JAN. 31-FEB. 1 FOMC: Minutes released on Feb. 22:

"In the U.S. economic projection prepared by the staff for this FOMC meeting, the near-term forecast was little changed from the December meeting. Real GDP growth in the fourth quarter of last year was estimated to have been a little faster than the staff had expected in December, and the pace of economic growth in the first half of this year was projected to be essentially the same as in the fourth quarter. The staff’s forecast for real GDP growth over the next several years was little changed. The staff continued to project that real GDP would expand at a modestly faster pace than potential output in 2017 through 2019. The unemployment rate was forecast to edge down gradually through the end of 2019 and to run below the staff’s estimate of its longer-run natural rate; the path for the unemployment rate was little changed from the previous projection.

"The staff’s forecast for consumer price inflation was unchanged on balance. The staff continued to project that inflation would increase over the next several years, as food and energy prices, along with the prices of non-energy imports, were expected to begin steadily rising either this year or next. However, inflation was projected to be marginally below the Committee’s longer-run objective of 2 percent in 2019.
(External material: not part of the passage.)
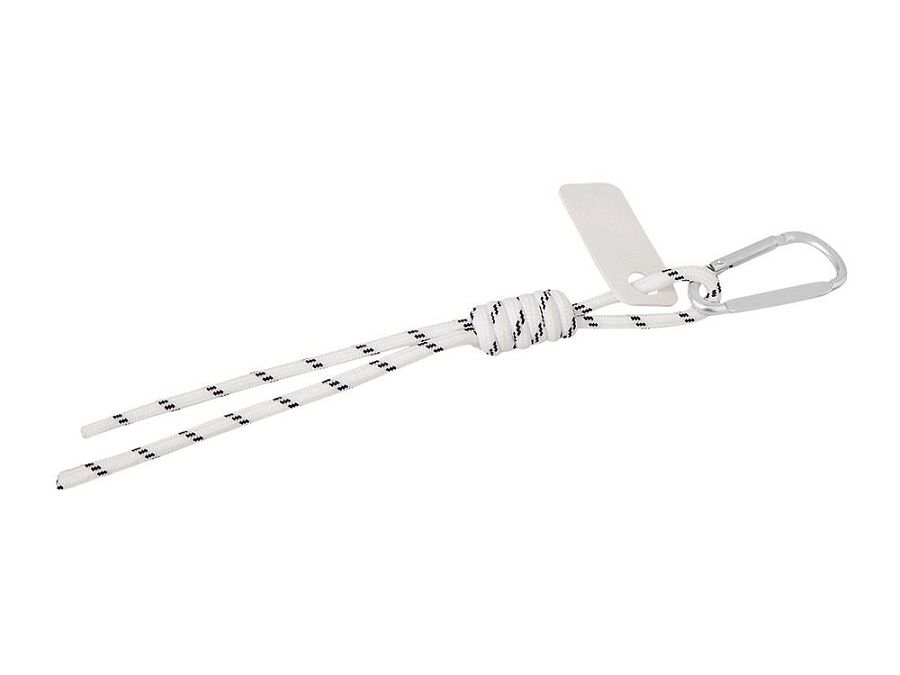 Брелок-обвес «Trinket»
"The staff viewed the uncertainty around its projections for real GDP growth, the unemployment rate, and inflation as similar to the average of the past 20 years. The risks to the forecast for real GDP were seen as tilted to the downside, primarily reflecting the staff’s assessment that monetary policy appeared to be better positioned to offset large positive shocks than substantial adverse ones. However, the staff viewed the risks to the forecast from developments abroad as less pronounced than in the recent past. Consistent with the downside risks to aggregate demand, the staff viewed the risks to its outlook for the unemployment rate as tilted to the upside. The risks to the projection for inflation were seen as roughly balanced. The downside risks from the possibility that longer-term inflation expectations may have edged down or that the dollar could appreciate substantially further were seen as roughly counterbalanced by the upside risk that inflation could increase more than expected in an economy that was projected to continue operating above its longer-run potential."